** Problem to work on **
When the line with "Casa térrea reformada" appears below, start repeating lines exactly, and keep going through the line with "Hyundai TUCSON 2.0"; add nothing outside that span.

** Records excerpted from a collection **
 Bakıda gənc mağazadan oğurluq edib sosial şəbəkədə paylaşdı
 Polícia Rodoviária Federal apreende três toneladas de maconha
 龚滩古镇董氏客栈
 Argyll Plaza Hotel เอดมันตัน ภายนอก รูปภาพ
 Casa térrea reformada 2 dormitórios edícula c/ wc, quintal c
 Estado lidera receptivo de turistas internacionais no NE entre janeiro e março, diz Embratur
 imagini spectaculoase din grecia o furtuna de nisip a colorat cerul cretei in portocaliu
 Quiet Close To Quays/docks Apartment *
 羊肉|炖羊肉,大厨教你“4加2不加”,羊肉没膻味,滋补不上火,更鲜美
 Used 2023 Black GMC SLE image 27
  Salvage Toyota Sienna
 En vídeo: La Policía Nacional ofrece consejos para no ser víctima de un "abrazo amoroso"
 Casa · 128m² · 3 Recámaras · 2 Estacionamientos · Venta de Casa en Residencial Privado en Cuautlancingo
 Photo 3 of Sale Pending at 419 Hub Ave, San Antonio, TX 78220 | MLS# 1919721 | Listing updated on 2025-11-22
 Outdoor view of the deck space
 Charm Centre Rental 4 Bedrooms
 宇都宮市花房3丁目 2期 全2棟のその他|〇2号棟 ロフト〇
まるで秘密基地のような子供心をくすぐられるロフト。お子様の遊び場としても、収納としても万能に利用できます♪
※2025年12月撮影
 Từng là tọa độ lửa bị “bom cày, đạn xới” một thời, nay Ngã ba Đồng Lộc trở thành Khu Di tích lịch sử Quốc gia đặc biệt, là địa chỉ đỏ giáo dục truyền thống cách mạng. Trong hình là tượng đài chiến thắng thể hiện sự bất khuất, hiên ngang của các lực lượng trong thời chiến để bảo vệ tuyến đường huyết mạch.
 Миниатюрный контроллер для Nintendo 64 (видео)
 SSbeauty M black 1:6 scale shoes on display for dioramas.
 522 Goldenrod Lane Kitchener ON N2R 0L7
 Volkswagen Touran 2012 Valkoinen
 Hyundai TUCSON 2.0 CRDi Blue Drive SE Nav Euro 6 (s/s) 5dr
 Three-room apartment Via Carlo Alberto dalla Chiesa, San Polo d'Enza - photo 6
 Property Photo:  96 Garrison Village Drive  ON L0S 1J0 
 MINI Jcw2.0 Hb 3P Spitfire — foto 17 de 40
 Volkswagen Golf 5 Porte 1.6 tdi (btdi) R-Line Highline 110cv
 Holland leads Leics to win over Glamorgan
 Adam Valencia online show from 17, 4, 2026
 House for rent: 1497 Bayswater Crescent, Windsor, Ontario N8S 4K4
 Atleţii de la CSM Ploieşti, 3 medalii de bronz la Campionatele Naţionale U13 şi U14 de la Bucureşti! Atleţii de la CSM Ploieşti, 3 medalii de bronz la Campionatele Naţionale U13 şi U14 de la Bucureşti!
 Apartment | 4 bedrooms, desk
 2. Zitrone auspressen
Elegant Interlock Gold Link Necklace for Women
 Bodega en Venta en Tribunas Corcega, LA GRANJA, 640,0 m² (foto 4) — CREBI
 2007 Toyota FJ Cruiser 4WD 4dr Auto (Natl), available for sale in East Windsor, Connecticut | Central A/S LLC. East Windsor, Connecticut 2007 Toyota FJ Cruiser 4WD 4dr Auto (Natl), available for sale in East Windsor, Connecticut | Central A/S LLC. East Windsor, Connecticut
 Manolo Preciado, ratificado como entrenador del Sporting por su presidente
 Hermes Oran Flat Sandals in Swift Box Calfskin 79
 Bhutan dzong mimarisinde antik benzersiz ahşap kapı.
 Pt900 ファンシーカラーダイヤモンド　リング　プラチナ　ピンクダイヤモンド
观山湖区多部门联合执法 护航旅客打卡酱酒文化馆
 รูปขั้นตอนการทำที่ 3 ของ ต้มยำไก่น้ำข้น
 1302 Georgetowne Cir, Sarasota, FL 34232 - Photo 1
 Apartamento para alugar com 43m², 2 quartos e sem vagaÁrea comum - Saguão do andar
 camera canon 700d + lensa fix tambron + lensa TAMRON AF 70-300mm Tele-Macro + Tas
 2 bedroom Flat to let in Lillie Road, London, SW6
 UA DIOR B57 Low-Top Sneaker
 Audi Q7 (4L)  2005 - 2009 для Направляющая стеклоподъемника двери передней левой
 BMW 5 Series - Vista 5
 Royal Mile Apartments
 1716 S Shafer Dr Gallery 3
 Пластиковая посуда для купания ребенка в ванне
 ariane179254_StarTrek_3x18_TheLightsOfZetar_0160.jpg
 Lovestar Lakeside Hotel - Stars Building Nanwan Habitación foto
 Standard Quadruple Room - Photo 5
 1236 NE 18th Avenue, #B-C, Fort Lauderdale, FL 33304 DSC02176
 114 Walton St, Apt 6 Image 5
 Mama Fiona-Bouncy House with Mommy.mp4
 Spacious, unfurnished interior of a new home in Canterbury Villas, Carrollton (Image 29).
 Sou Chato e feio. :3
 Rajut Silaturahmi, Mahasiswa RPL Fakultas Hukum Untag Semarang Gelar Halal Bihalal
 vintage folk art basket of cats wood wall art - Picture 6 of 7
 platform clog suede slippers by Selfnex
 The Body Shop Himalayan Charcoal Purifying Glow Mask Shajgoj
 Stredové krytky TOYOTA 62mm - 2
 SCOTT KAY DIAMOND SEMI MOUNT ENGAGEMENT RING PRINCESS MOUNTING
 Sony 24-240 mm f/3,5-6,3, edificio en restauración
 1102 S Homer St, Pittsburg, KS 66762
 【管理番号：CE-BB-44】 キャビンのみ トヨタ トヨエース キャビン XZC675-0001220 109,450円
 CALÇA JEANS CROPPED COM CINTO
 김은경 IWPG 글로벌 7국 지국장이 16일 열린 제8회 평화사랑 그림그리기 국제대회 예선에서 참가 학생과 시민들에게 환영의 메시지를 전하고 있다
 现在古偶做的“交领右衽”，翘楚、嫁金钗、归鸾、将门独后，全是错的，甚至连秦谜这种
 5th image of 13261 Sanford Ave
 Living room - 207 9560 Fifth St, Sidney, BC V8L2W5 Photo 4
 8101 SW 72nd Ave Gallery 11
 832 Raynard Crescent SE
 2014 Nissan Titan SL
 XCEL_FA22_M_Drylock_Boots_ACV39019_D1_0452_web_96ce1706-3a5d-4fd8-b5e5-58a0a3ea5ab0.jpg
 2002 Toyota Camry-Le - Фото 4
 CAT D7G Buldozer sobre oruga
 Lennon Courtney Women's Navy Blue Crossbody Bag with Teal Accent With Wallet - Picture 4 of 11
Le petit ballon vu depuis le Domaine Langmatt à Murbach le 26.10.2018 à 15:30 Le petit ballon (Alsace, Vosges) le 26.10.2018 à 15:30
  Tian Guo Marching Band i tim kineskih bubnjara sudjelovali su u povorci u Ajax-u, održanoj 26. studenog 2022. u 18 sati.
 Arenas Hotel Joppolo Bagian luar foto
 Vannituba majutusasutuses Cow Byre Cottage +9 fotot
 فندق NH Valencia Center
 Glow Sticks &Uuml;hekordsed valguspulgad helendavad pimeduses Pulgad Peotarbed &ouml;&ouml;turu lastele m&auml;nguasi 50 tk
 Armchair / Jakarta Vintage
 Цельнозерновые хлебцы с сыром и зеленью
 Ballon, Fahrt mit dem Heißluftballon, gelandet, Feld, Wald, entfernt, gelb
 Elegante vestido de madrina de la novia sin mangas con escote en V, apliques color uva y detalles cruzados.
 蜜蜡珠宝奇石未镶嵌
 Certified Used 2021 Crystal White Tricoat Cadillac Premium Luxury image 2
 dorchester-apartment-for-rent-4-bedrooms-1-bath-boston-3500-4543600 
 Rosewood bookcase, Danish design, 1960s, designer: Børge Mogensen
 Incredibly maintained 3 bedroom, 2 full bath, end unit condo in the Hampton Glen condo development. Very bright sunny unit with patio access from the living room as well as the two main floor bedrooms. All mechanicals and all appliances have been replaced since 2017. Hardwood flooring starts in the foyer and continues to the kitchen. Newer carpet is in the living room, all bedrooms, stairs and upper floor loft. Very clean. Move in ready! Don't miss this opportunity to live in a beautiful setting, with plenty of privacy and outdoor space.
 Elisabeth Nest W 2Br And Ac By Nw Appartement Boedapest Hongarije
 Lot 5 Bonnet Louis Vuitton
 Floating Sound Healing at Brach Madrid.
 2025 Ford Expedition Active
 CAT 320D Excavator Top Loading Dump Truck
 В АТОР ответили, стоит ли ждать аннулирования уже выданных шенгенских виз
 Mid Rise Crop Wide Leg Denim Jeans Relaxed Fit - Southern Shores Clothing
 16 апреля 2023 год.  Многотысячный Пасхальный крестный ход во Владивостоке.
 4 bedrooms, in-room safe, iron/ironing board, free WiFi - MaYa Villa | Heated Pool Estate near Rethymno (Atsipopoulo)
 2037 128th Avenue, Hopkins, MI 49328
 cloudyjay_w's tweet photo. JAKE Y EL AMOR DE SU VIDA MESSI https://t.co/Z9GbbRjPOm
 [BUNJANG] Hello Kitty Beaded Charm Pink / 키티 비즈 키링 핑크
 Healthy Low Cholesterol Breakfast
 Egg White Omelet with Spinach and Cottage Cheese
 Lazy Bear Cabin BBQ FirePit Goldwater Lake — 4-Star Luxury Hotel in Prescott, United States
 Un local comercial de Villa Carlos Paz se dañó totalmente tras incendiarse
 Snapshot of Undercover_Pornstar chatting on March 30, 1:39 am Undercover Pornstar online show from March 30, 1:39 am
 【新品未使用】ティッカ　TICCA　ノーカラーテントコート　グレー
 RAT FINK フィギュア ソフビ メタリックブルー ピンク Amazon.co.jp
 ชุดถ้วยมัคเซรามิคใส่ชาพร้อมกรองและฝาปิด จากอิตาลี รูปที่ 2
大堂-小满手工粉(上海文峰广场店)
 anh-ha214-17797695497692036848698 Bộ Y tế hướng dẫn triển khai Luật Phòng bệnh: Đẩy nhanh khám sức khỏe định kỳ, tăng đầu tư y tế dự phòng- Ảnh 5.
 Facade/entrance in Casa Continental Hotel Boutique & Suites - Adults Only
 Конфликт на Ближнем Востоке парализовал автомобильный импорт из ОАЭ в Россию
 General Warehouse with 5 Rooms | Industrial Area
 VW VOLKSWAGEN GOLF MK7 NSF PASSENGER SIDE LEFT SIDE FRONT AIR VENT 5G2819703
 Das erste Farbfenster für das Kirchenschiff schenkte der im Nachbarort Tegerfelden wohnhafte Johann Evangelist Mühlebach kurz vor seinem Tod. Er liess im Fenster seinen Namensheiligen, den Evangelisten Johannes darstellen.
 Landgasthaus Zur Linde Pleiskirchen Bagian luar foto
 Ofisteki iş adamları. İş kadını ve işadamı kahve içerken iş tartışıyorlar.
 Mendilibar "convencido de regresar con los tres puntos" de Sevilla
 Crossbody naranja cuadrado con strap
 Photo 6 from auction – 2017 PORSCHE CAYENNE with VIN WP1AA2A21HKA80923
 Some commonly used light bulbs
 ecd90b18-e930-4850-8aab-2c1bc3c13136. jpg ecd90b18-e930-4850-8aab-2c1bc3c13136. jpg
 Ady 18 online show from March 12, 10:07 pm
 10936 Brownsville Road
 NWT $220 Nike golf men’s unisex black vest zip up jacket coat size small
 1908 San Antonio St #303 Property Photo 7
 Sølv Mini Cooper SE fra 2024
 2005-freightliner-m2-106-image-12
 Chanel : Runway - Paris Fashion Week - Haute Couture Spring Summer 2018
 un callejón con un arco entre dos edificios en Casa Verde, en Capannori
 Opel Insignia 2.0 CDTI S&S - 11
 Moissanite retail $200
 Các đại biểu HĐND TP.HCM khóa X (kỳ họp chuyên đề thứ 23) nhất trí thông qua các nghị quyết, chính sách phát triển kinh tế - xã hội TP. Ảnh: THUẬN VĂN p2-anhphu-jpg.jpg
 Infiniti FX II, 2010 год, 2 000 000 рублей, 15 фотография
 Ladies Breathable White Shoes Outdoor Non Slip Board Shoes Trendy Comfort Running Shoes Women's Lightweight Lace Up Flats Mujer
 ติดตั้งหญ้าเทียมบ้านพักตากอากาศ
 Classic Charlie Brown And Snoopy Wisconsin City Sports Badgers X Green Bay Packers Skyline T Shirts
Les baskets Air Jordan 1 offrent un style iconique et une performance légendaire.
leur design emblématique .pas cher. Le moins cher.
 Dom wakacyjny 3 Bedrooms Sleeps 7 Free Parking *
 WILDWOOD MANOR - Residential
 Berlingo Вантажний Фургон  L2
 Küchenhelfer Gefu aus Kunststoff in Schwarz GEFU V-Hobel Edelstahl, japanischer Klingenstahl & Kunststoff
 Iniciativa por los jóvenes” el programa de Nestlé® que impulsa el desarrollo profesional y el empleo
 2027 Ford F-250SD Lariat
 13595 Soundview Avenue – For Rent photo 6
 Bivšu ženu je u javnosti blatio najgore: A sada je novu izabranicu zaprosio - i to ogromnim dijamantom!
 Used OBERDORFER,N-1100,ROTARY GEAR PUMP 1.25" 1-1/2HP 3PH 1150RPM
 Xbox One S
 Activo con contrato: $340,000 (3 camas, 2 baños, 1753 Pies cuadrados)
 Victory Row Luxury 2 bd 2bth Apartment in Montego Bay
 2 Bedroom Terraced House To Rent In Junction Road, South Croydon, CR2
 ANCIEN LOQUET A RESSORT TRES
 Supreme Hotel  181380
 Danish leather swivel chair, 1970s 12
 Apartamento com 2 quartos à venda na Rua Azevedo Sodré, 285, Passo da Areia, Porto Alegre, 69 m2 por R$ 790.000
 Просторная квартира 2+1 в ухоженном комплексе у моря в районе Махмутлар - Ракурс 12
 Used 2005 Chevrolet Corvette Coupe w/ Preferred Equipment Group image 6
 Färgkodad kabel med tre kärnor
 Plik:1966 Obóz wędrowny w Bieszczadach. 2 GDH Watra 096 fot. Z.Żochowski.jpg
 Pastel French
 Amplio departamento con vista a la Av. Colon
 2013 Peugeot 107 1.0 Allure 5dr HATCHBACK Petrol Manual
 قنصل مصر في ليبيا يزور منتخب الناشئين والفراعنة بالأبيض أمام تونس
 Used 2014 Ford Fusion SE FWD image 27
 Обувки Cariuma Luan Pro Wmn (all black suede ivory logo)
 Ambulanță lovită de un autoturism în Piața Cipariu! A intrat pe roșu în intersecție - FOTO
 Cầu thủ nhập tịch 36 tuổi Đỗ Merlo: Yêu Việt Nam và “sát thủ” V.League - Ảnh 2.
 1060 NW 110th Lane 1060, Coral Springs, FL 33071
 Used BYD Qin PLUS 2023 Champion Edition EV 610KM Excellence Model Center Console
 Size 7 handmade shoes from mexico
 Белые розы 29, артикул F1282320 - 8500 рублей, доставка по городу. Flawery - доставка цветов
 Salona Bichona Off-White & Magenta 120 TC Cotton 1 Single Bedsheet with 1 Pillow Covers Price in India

** Solved problem **
 Casa térrea reformada 2 dormitórios edícula c/ wc, quintal c
 Estado lidera receptivo de turistas internacionais no NE entre janeiro e março, diz Embratur
 imagini spectaculoase din grecia o furtuna de nisip a colorat cerul cretei in portocaliu
 Quiet Close To Quays/docks Apartment *
 羊肉|炖羊肉,大厨教你“4加2不加”,羊肉没膻味,滋补不上火,更鲜美
 Used 2023 Black GMC SLE image 27
  Salvage Toyota Sienna
 En vídeo: La Policía Nacional ofrece consejos para no ser víctima de un "abrazo amoroso"
 Casa · 128m² · 3 Recámaras · 2 Estacionamientos · Venta de Casa en Residencial Privado en Cuautlancingo
 Photo 3 of Sale Pending at 419 Hub Ave, San Antonio, TX 78220 | MLS# 1919721 | Listing updated on 2025-11-22
 Outdoor view of the deck space
 Charm Centre Rental 4 Bedrooms
 宇都宮市花房3丁目 2期 全2棟のその他|〇2号棟 ロフト〇
まるで秘密基地のような子供心をくすぐられるロフト。お子様の遊び場としても、収納としても万能に利用できます♪
※2025年12月撮影
 Từng là tọa độ lửa bị “bom cày, đạn xới” một thời, nay Ngã ba Đồng Lộc trở thành Khu Di tích lịch sử Quốc gia đặc biệt, là địa chỉ đỏ giáo dục truyền thống cách mạng. Trong hình là tượng đài chiến thắng thể hiện sự bất khuất, hiên ngang của các lực lượng trong thời chiến để bảo vệ tuyến đường huyết mạch.
 Миниатюрный контроллер для Nintendo 64 (видео)
 SSbeauty M black 1:6 scale shoes on display for dioramas.
 522 Goldenrod Lane Kitchener ON N2R 0L7
 Volkswagen Touran 2012 Valkoinen
 Hyundai TUCSON 2.0 CRDi Blue Drive SE Nav Euro 6 (s/s) 5dr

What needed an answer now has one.